» EXERCISE PROMPT
Word for word and without images, reproduce the listing that follows.

Segment Start: PROVIDED DATA

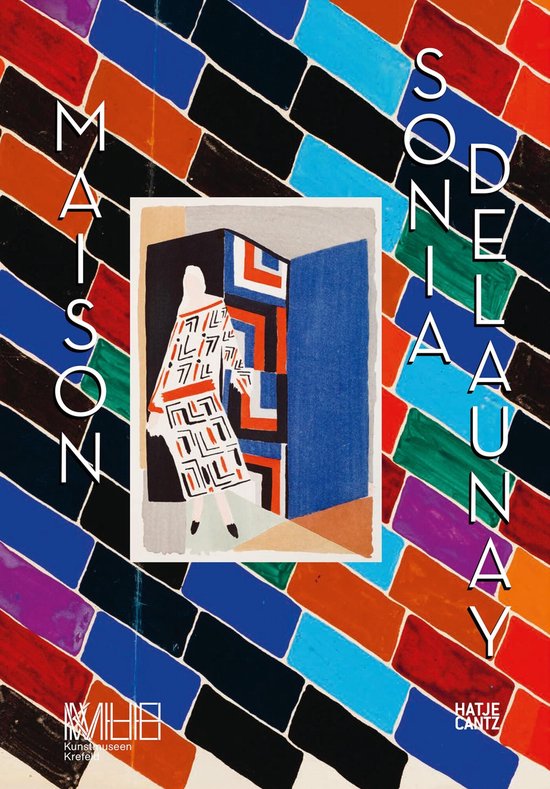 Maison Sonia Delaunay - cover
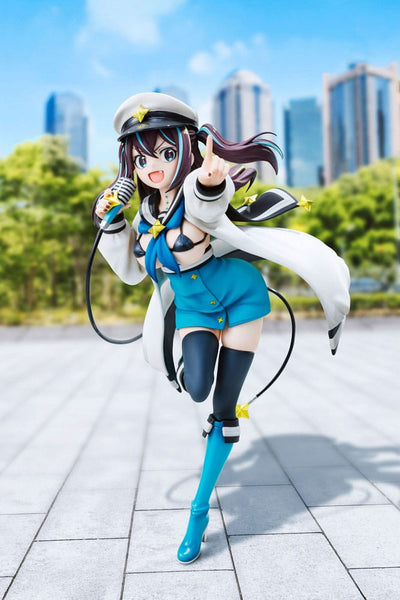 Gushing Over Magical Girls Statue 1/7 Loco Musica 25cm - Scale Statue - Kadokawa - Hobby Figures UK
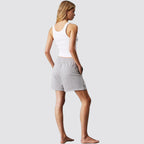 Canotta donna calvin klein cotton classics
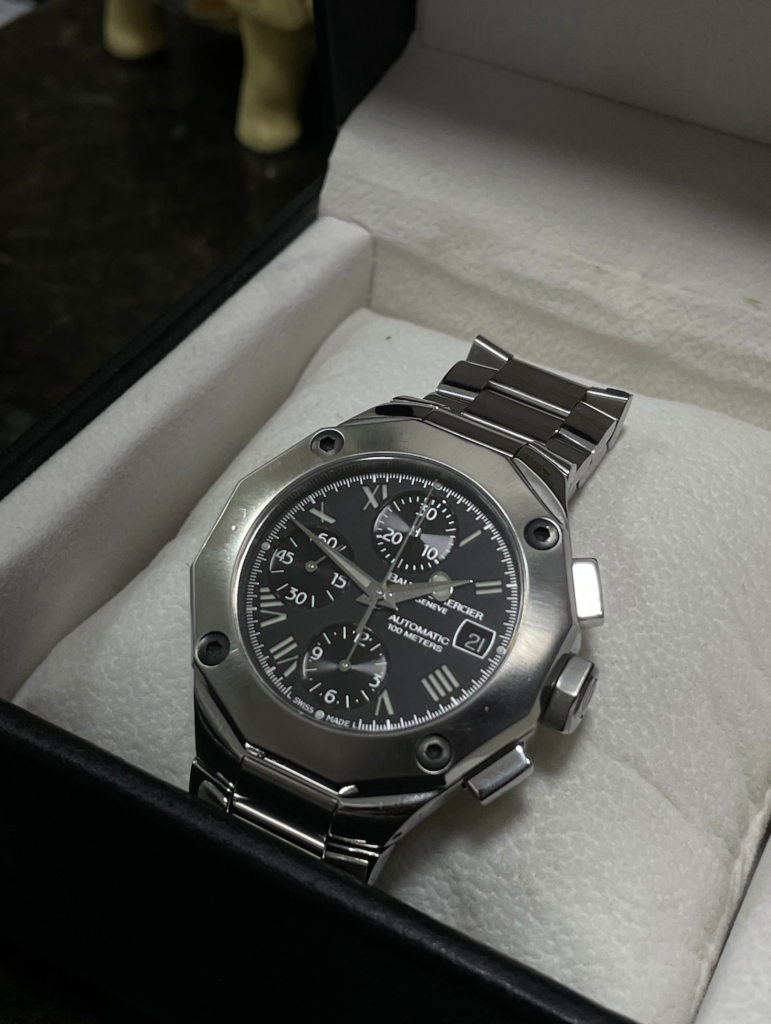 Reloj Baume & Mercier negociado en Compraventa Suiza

Segment End: PROVIDED DATA

» OUTPUT OF THE EXERCISE
 Maison Sonia Delaunay - cover
 Gushing Over Magical Girls Statue 1/7 Loco Musica 25cm - Scale Statue - Kadokawa - Hobby Figures UK
 Canotta donna calvin klein cotton classics
 Reloj Baume & Mercier negociado en Compraventa Suiza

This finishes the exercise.